在京都隨處可以感受到古樸的日本文化。“地方創生”以及隨之而來的中央機構轉移,遠不是安倍政府的獨創。各屆日本政府,始終把實現全國協調發展作為自己的重要課題。
1988年,竹下登內閣就打出了“故鄉創生事業”的口號,向全國各市區町村撥款一億日元。但之后卻沒有對這筆資金的實際效果進行精確測算。而1999年的小渕恵三內閣,則針對15歲以下的孩童和65歲以上的老人,每人頒發2萬日元的“地域振興券”,以刺激地方消費。由于政策對象的限制,這筆投入對地方財政整體的影響并不十分顯著。
近年來,包括2007年的第1次安倍內閣以及2011年的民主黨菅直人內閣也都曾出臺過相似政策。但它們都被外界批判為財政政策太放任,且吸引選票的意圖過于明顯。
安倍這次的努力也受到了來自各界的批評。大家的關注點主要集中在以下四點。
首先,此次“地方創生”大喊要突破以往的地方戰略,創造新的發展路徑。可事實是,許多往年的政策并沒有完全被地方消化吸收。在沒有總結和反思的情況下又重開新的渠道,可謂是一種浪費和過度投資。
第二,雖說中央提出要以地方自治體的意見為重,可國家有意無意中又早已為地方設置了發展的目標與前景。
另一方面,元大藏省的官員加藤秀樹指出,今天日本越來越多的自治體,依靠民間咨詢機構來制定自己的發展戰略。不管是哪一種情況,本地居民以及公務員的聲音都沒有被完全納入考慮之中。
最后,“地方創生”的政策,其主體自然在地方。
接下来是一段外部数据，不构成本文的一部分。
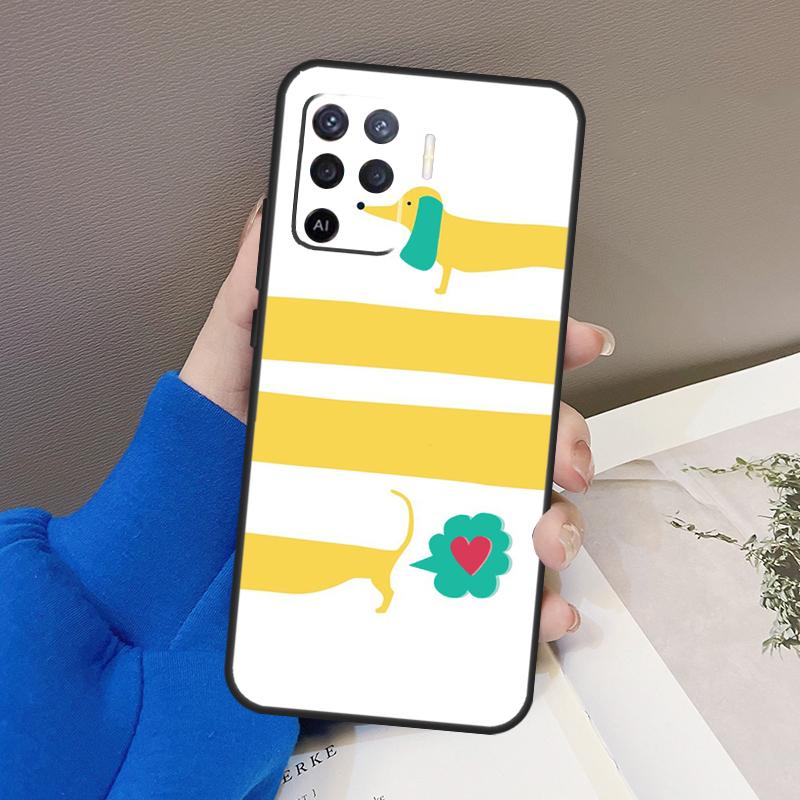 Cartoon Dachshund Sausage Dog Case For OPPO Find X5 X3 Pro A15 A74 A54 A94 A93 A91 A5 A9 A31 A53 2020 A53S A52 A72 Cover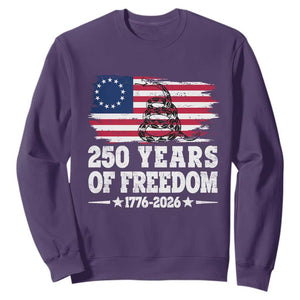 250 Years Of Freedom Sweatshirt Gadsden Flag American Patriot US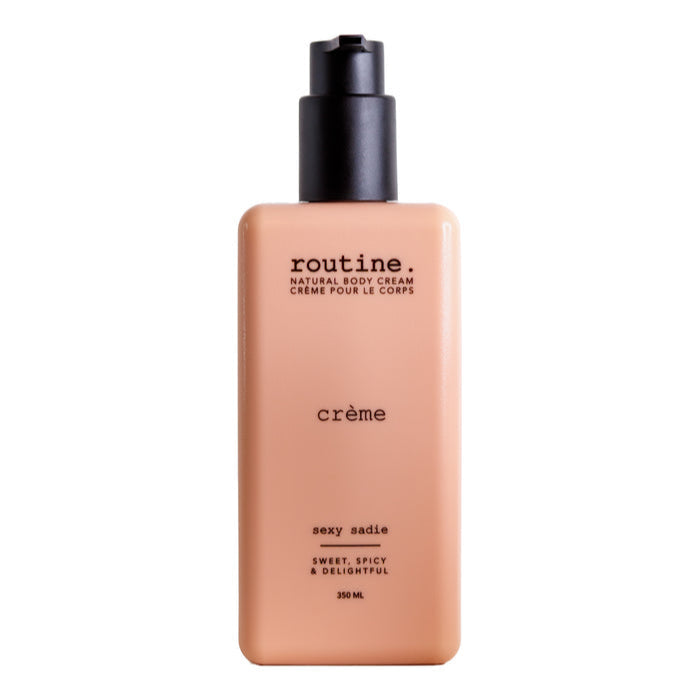 Bottle of 'routine.' crème on a white background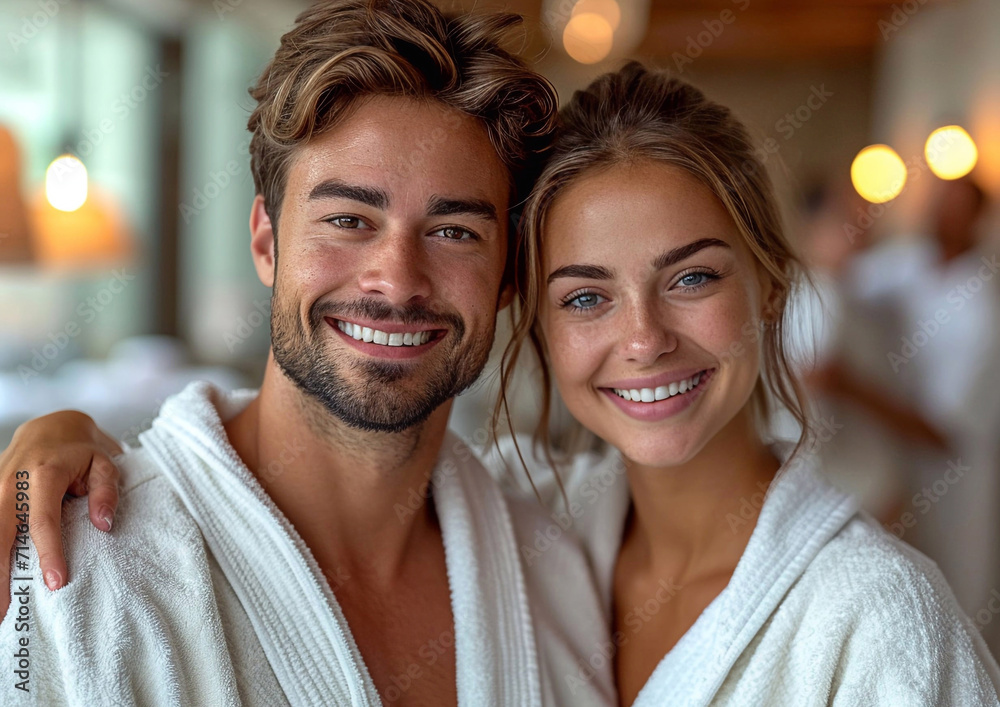 Happy young couple in white bathrobes in luxury hotel spa resort.Macro.AI Generative. - obrazy, fototapety, plakaty 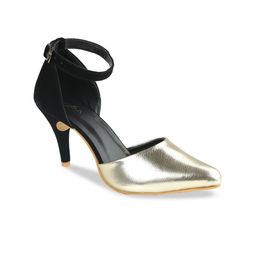 VALIOSAA Gold Kitten Heeled Pumps with Buckles-38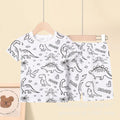 Cartoon european and american cross-border exclusive children's home clothes pajamas suit sketch comfortable breathable diy hand-painted graffiti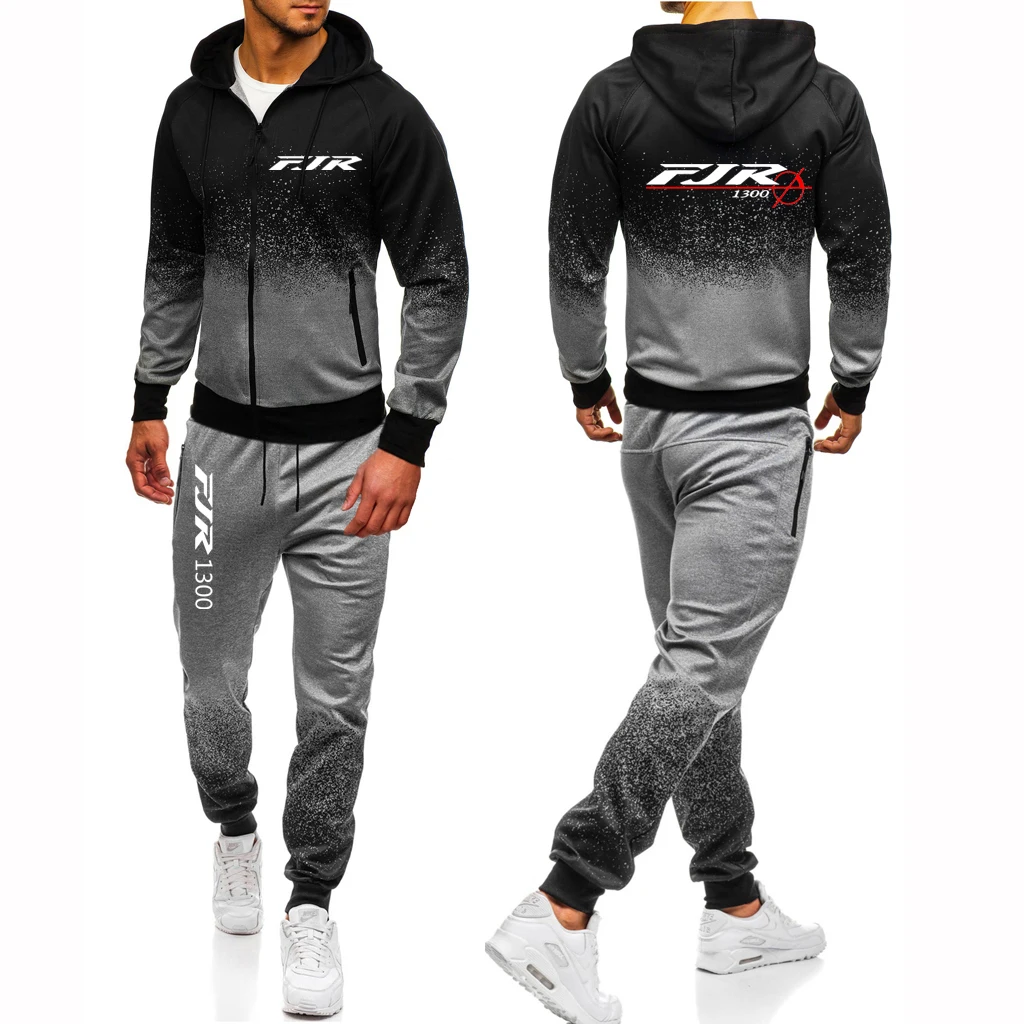 

2023 Men's Spring Autumn New FJR 1300 MOTORCYCLE Logo Print Cardigan Zip Hooded Jacket Sweatshirts+Sweatpants Gradient Color Set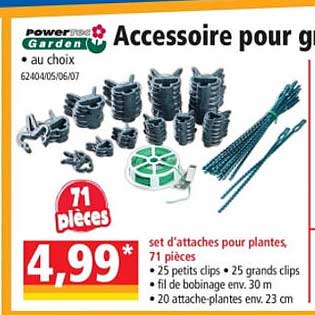 set d'attaches pour plantes 71 pièces powertec garden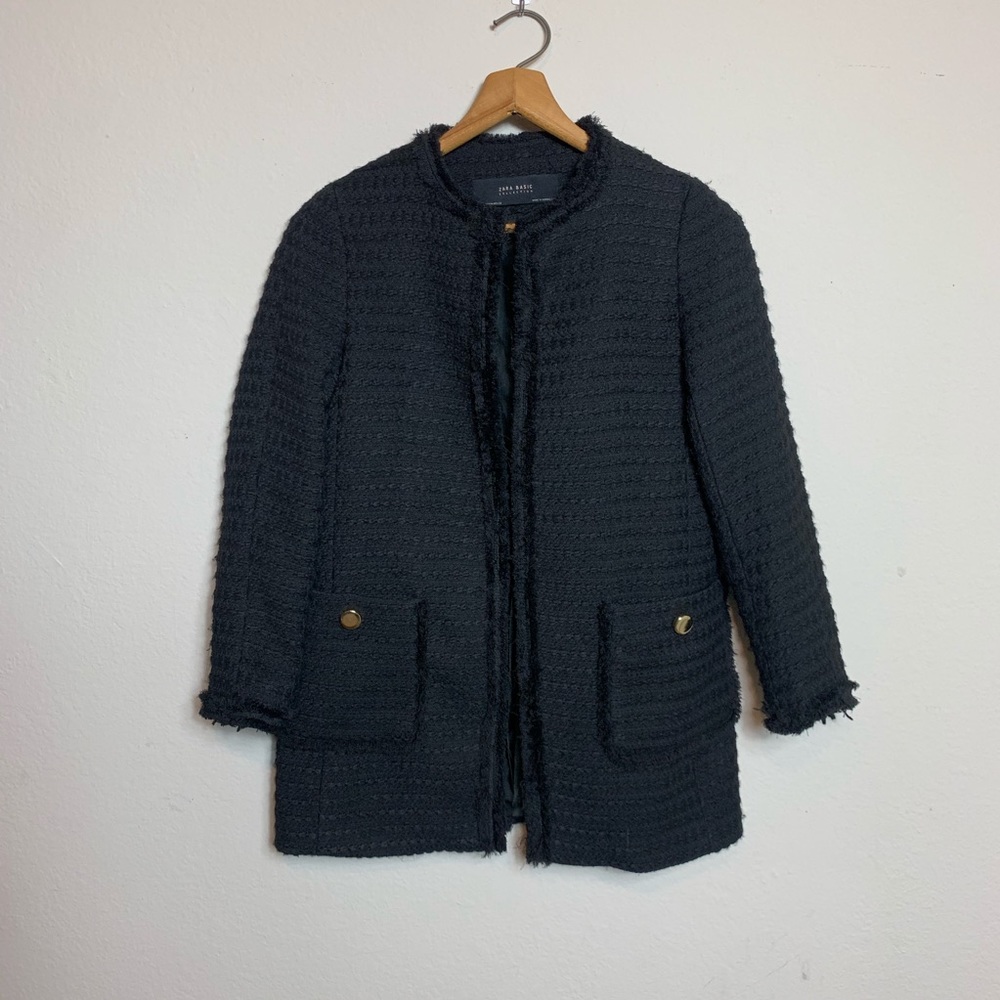 Zara Basic Black Button Down Coat Size Medium - image 1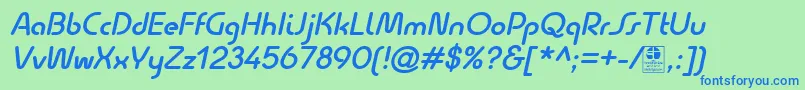 QuesatDemiBoldItalicDemo Font – Blue Fonts on Green Background
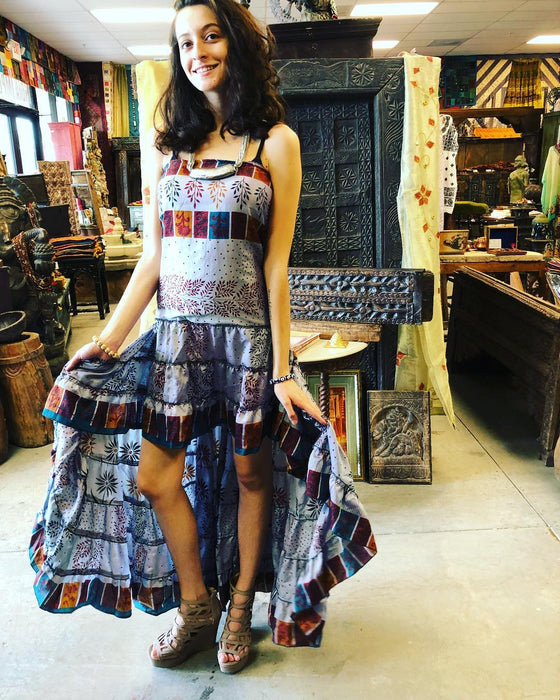 Flower Child Maxi Dresses Recycled Sari Hi Low Dress M/L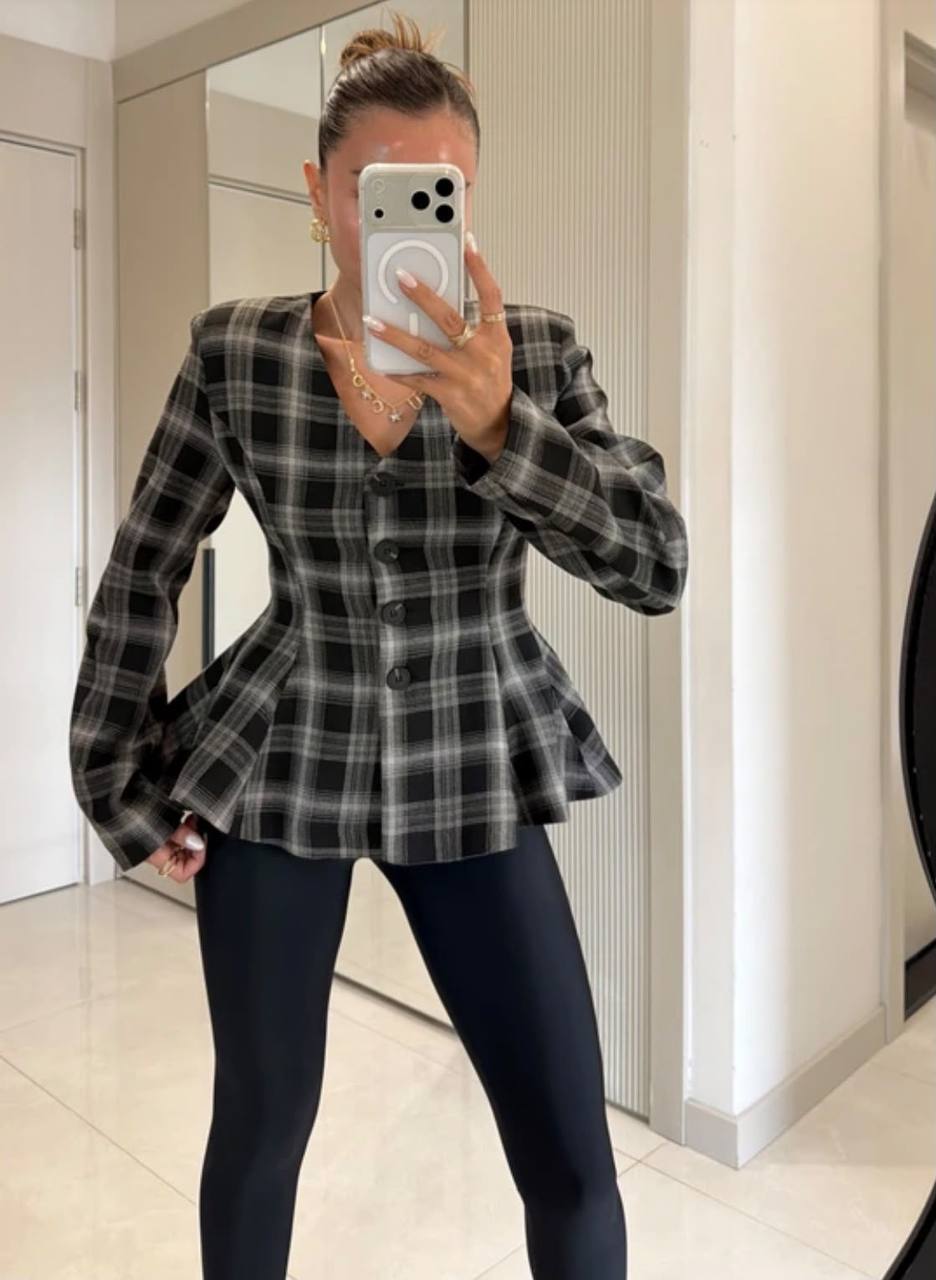 Ekose Vatkalı Peplum Bluz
但對于今天城市問題的另一側面,即東京的過密化,卻沒有絲毫對策。如果不在問題兩端施力,很難說計劃中的目標能有效實現。
不少學者認為,在日本目前的經濟發展態勢之下,這一次的地方創生可能是大規模調整地域發展格局的最后一次機會。地方創生本部負責人表示,將在參考各方人士以及獨立機構的意見之后,最早于明年3月就中央機構轉移進行決議。最終成果如何,關心者絕不只是日本一國而已。